Write out once more the lines running from the top of the entries below to the line with "Figuras de acción", both ends included.

▶ Excerpted records
——

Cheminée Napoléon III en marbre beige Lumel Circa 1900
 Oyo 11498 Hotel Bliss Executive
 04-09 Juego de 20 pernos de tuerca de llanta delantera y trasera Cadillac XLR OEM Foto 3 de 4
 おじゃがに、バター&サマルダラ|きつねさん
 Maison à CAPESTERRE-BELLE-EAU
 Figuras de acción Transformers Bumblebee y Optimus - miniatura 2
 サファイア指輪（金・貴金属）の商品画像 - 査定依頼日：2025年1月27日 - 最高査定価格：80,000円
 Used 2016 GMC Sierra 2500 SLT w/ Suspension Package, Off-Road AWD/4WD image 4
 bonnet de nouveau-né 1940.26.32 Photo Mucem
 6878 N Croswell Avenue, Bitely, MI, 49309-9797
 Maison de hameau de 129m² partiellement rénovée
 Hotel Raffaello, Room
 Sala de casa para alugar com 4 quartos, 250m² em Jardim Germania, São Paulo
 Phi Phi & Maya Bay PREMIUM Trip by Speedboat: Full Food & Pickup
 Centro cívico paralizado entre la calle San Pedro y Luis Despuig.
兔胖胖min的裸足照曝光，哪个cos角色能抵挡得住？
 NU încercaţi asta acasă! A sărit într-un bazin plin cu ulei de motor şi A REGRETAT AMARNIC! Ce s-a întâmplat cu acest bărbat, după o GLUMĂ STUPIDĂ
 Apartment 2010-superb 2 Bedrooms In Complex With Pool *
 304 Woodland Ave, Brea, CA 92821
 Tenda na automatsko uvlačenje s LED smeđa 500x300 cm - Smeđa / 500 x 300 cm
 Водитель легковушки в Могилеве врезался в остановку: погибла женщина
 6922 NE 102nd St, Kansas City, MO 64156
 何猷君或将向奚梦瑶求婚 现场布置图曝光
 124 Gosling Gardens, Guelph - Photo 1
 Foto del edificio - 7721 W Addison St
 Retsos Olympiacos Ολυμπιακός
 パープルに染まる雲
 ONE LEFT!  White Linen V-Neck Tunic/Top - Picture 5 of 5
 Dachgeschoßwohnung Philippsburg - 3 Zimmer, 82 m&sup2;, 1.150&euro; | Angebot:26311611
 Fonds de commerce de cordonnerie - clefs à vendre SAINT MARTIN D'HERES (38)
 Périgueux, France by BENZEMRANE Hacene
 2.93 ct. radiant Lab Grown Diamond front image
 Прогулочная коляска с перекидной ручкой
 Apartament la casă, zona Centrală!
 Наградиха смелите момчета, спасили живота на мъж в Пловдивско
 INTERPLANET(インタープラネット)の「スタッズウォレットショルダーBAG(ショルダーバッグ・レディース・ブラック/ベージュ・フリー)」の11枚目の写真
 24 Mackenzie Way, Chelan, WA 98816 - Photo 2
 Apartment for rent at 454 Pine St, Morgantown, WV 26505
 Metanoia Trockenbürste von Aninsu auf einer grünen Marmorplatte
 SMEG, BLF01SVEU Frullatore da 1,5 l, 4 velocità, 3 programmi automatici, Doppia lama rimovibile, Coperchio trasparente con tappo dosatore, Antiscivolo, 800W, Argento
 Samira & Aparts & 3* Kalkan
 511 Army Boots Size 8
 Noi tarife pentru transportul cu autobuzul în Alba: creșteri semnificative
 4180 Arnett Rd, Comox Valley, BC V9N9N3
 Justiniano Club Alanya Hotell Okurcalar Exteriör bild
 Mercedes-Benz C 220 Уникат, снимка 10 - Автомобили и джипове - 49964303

——

▶ Finished task
Cheminée Napoléon III en marbre beige Lumel Circa 1900
 Oyo 11498 Hotel Bliss Executive
 04-09 Juego de 20 pernos de tuerca de llanta delantera y trasera Cadillac XLR OEM Foto 3 de 4
 おじゃがに、バター&サマルダラ|きつねさん
 Maison à CAPESTERRE-BELLE-EAU
 Figuras de acción Transformers Bumblebee y Optimus - miniatura 2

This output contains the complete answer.